I slowly lowered the gun until his head was centered in the sight. I had no real idea who this person was, nor did I care. See, I was a different person then – I’m not like that anymore. I realize that doesn’t erase the fact of what I did – but make no mistake, I took no pleasure in it. I just needed the money to survive – or at least that’s what I told myself. How did I get here? Well, let’s back up a bit…

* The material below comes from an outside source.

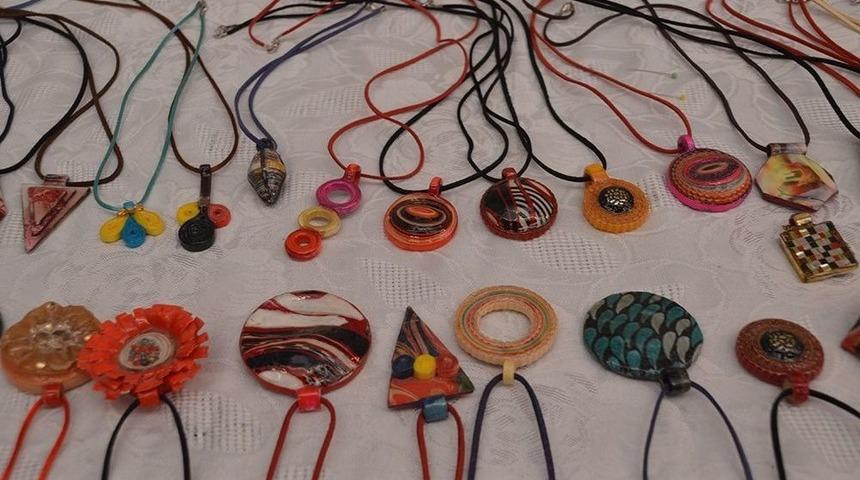 &Ccedil;&ouml;pe Gidecek Kağıt Par&ccedil;alarını Takıya D&ouml;n&uuml;şt&uuml;r&uuml;yor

When I was fifteen, my older sister was dating a vet that everyone called Spider, who, years before, had been deployed as a sniper. He enlisted voluntarily at the age of eighteen, and as a result of his personality type and physical traits, eventually ended up in the United States Marine Corps Scout Sniper School. Spider was about fifteen years older than I was, and took a liking to me immediately. At first, the feeling wasn’t mutual – mainly because I had learned not to trust anyone. I wouldn’t aggressively push people away, instead it would quickly become clear that there was very definitely a wall beyond which you weren’t going to pass. At the same time I was sending out this message, I could be smiling and deceptively friendly – but that was as far as I’d go.

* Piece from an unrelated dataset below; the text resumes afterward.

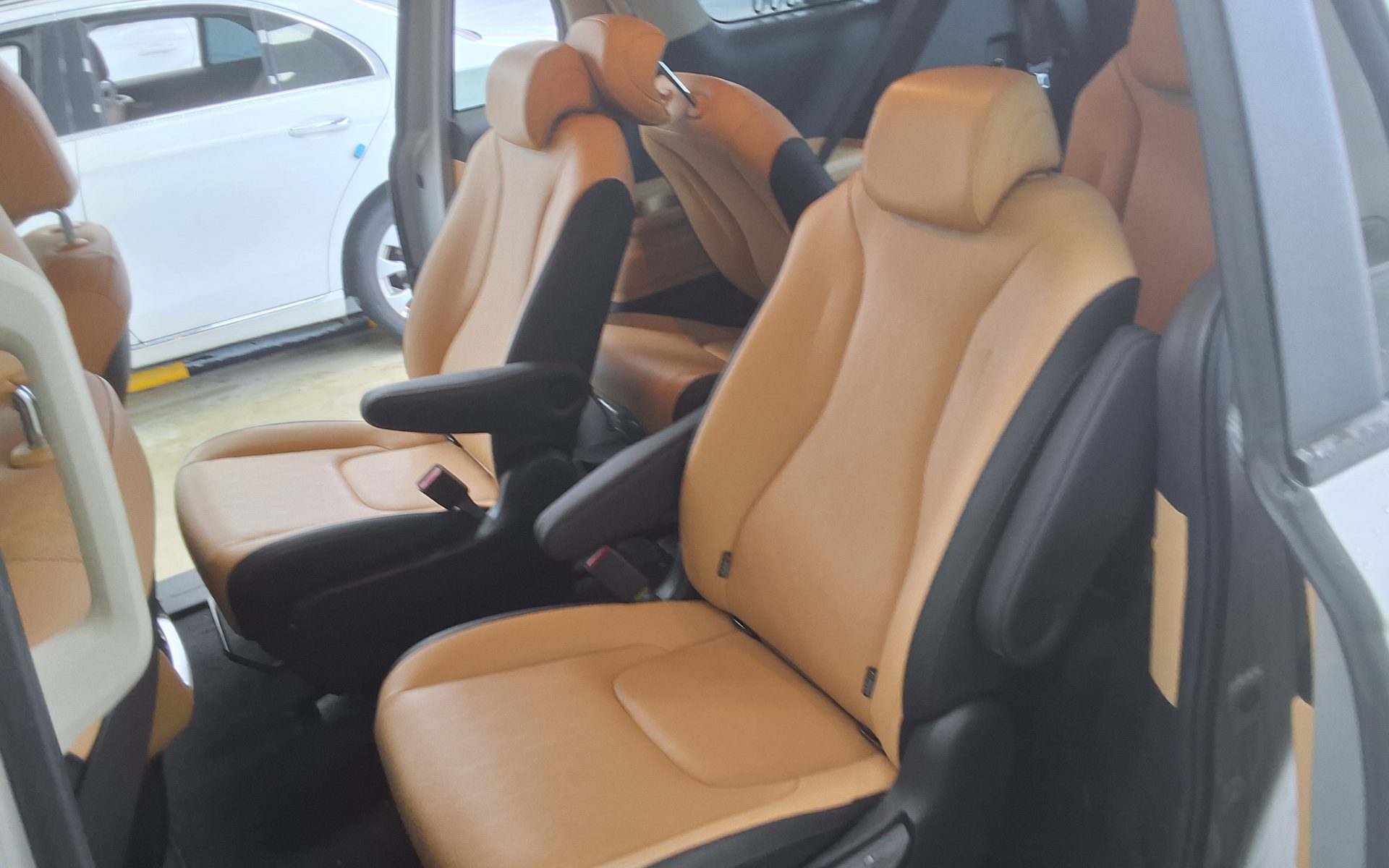 2021 - kia carnival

I guess he admired my fierce independence, so he gave me plenty of space whenever I would see him – because of this, I eventually let my guard down and we became friends. He wasn’t exactly a father figure, or a big brother, but because of his age and experience he seemed to fall somewhere in between. Eventually we became close, or at least as close as I’d ever been with an adult. He didn’t seem to be working at the time, and had a drinking problem coupled with an impressive taste for weed. It seemed as though there was always either a cigarette or a joint in his mouth, but no matter how much he drank or smoked, his demeanor was always pretty much the same – unflappable. Nothing, I mean nothing, ever seemed to get him excited, he just always had this Zen-like sense of cool, looking at the world through what appeared to be coal black, emotionless eyes. It got to the point where I would feel proud if I could make him laugh, if only because it seemed so hard for him.

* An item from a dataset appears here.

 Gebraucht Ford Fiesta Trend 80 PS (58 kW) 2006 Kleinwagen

Spider only had one skill, and at first glance it appeared to be pretty useless in the civilian world. He was a sniper, and although he didn’t talk about his military experience, it was obvious he had been good at it. So it seemed natural for this older man to want to pass on the skillset he knew to a boy on the cusp of manhood. Especially since there was this dynamic of father/son, or big brother/little brother underlying our relationship.
The summer I met him, we would go out into the mountainous woods of western Virginia and shoot a few times a week. In the south, everyone had a gun, so the idea of an older man teaching a boy how to hunt was the most natural thing in the world. Occasionally we’d run into other hunters, and they would always look approvingly at both of us, smiling through their beards stained with tobacco juice. They’d usually have a bottle of bourbon, and would share a swig with Spider before grinning and saying A’ight, we’ll let you boys have yer fun, see y’all later and ambling off.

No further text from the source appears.